Sobre ética, reputação e resultado

O embaraçoso imbróglio brasileiro ocorrido na edição deste ano do Cannes Lions serve didaticamente como um alerta, não só ao mercado publicitário, como também para o mundo dos negócios, como um todo.

Justamente no ano em que o Brasil foi homenageado como Creative Country of the Year – o primeiro país a receber essa homenagem, que fará parte do festival a partir de agora –, cases manipulados foram alvo de denúncias, perdendo os Leões conquistados.

Felizmente, o Brasil, mesmo perdendo 12 prêmios, manteve sua posição de 2º colocado no festival, atrás apenas dos EUA, ultrapassando o Reino Unido.

Mas a reputação do país foi arranhada, gerando um contraponto à admiração observada pelos demais países pela capacidade criativa do Brasil.

Fui a Cannes mais de 20 vezes e, toda vez que me identifico como brasileiro num papo com estrangeiros, recebo de volta um sorrisão e uma manifestação de
admiração.

O Brasil é considerado um player de primeira grandeza no maior festival de criatividade do mundo. Por outro lado, somos também considerados o país do jeitinho, da forma pouco ortodoxa de criar soluções.

Nessa balança reputacional, o que víamos em Cannes era o peso da nossa criatividade prevalecer, minimizando questionamento sobre os possíveis dribles espertinhos para ganhar prêmios.

Não nos iludamos, temos um histórico de “fantasmas” e cases com resultados inflados, ganhadores de Leões ao longo da existência do festival. Com um sorrisinho maroto, muitos cases foram comemorados, como um gol de mão à Maradona.

Daí os questionamentos recorrentes sobre a validade de troféus trazidos de Cannes. Não foi a primeira vez que uma agência brasileira foi obrigada a devolver troféus do Cannes Lions.

Mas este ano foi demais! Não só a manipulação grosseira de vídeos usados no videocase, como o próprio case, em si, fez do premiado “Efficient way to pay”, da DM9 para a Consul, um exemplo gritante de falta de ética para ganhar prêmios.

Não fosse um tal de Alonso Guanaes levantar a lebre, talvez tivesse sido mais um gol de mão comemorado.

O problema é que temos agora um poderoso VAR: o escrutínio atento das pessoas. Admitamos: estávamos acostumados a jogar um jogo com regras “flexíveis”.

O Cannes Lions até vem tentando inibir esses dribles na ética, sem muito sucesso. Mas o que podemos extrair desse imbróglio é um alerta didático quanto ao uso de recursos antiéticos.

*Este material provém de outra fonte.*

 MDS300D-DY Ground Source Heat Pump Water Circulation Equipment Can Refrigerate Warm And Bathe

A agência envolvida sofreu e ainda sofrerá graves consequências pela sua atitude. Os outros cases questionados também terão efeito didático sobre a “esperteza” criativa adotada pelas agências.

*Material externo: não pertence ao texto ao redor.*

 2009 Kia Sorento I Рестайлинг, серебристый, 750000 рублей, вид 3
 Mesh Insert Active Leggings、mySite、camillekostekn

Outra questão é: até que ponto os clientes envolvidos nos cases são coniventes? Ora, não existe case inscrito sem anuência do cliente.

Talvez sem conhecimento total das “técnicas” utilizadas para inscrever os cases, mas os clientes não podem alegar desconhecimento. O ponto crucial desse imbróglio todo, na minha opinião, é a percepção de que a ética começa a virar o jogo.

O festival promete providências para evitar que casos do tipo aconteçam nas futuras edições, mas o ponto de inflexão só será obtido se houver um incremento de consciência por parte de todos.

Não só as agências, mas de todas as empresas envolvidas e, principalmente, o consumidor. Existe uma geração emergente muito mais questionadora e consciente.

Será cada vez mais difícil “roubar no jogo” do mercado. Estamos ficando “vacinados” do golpe, da fake
news e da propaganda enganosa. Analisamos com muito mais critério a comunicação das empresas e de seus produtos.

A tendência é termos muito mais Alonsos Guanaes daqui para frente. O resultado das empresas (não só nos festivais, mas nos negócios) dependerá cada vez mais da forma ética e respeitosa com que atua no mercado.